A partir de ese momento, la brecha entre ambos países se agrandó hasta que en 2019 España logró unas ventas récord de 146.000 toneladas frente a las 101.000 de Italia. Una tendencia que se vio trastocada por las trabas impuestas por la administración norteamericana en octubre de 2019. De esta forma, las ventas de España se recortaron drásticamente en 2020 hasta las 84.000 toneladas, siendo superados en el ranking de origen de las importaciones de aceites de oliva por Italia y por Túnez, con 127.979 y 100.280 toneladas respectivamente. A estos dos países no se les penalizaba arancelariamente como ocurría con los productos españoles.

Posición natural

"No me cabe la menor duda que, con el nuevo periodo de suspensión se logrará poner fin definitivo a los aranceles adicionales y España recuperará su posición natural de líder en este mercado. Un liderazgo que nunca debimos perder", considera Barato.

La estrategia para recuperar ese liderazgo pasa porque las empresas vuelva a comercializar aceite de nuestro país después de que muchos compañías tuvieran que deslocalizar el envasado para no perder cuota de mercado en Estados Unidos.

El otro pilar pasa por intensificar las campañas de promoción que durante los últimos años ha puesto en marcha la Interprofesional del Aceite de Oliva, y que han sido parte fundamental para que el consumo del oro líquido haya ganado terreno en el gigante norteamericano.

De hecho, el pasado año las importaciones de este país alcanzaron un nivel histórico hasta alcanzar las 403.502 toneladas, un18% más que las 339.947 registradas el año anterior.

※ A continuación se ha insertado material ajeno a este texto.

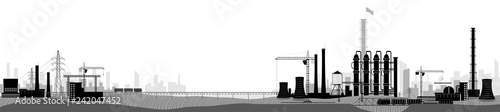 Industrial or factory landscape. Horizontal wide view. Black and white image.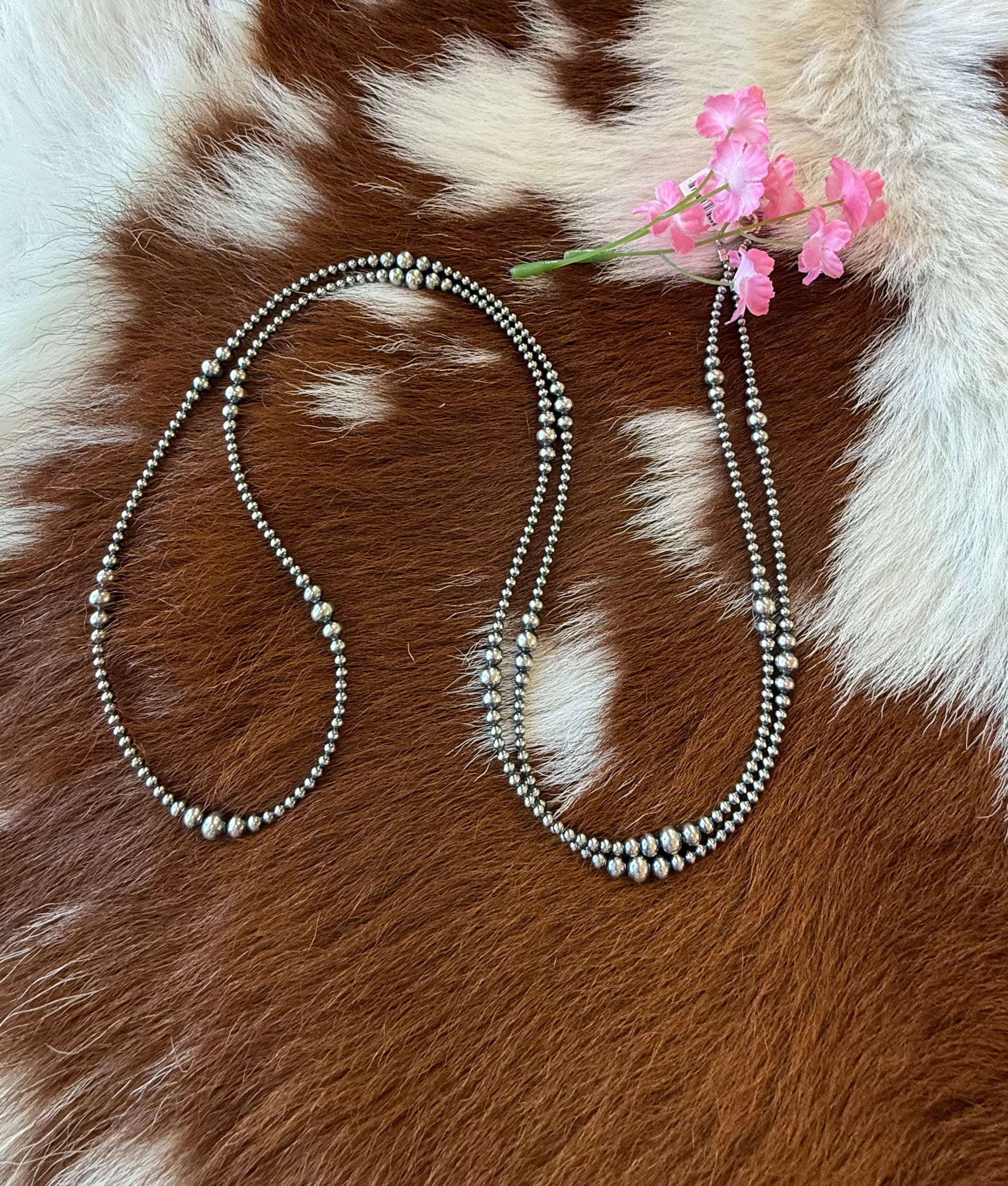 Graduated Navajo Silver Pearls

Un incremento que ha beneficiado a nuestro principales competidores, como Italia y Túnez, pero que ahora puede jugar a nuestro favor.

El aceite de oliva, al igual que otros productos, se ha beneficiado del cambio de costumbre en el consumo. El cierre del denominado 'food service' ha permitido a los norteamericanos redescubrir la cocina en el hogar. A ello se suma la mayor concienciación sobre los hábitos saludables que se han generado por la crisis sanitaria provocada por el coronavirus.

"El consumo del aceite a nivel doméstico ha llegado para quedarse, aunque nunca vaya alcanzar los niveles de los países europeos, y la recuperación del 'food service' da un margen de recuperación", explica Teresa Pérez Millán, gerente de la Interprofesional de los Aceites de Oliva de España.

'"Ahora que sabemos que hay cinco años por delante, un tiempo suficiente para que haya una negociación entre las dos partes que acabe definitivamente con los aranceles y tenemos margen para plantear y desarrollar estrategias en el mercado americano, que es el primero objetivo fuera de la UE por volumen de consumo", añade.

En el lado positivo, Teresa Pérez destaca la mejor posición de nuestro país a nivel industrial. "Los aranceles provocaron que las empresas que tenían previsto montar envasadoras en Estados Unidos para beneficiarse del menor coste que supone el transporte del envío a granel, los aceleraran".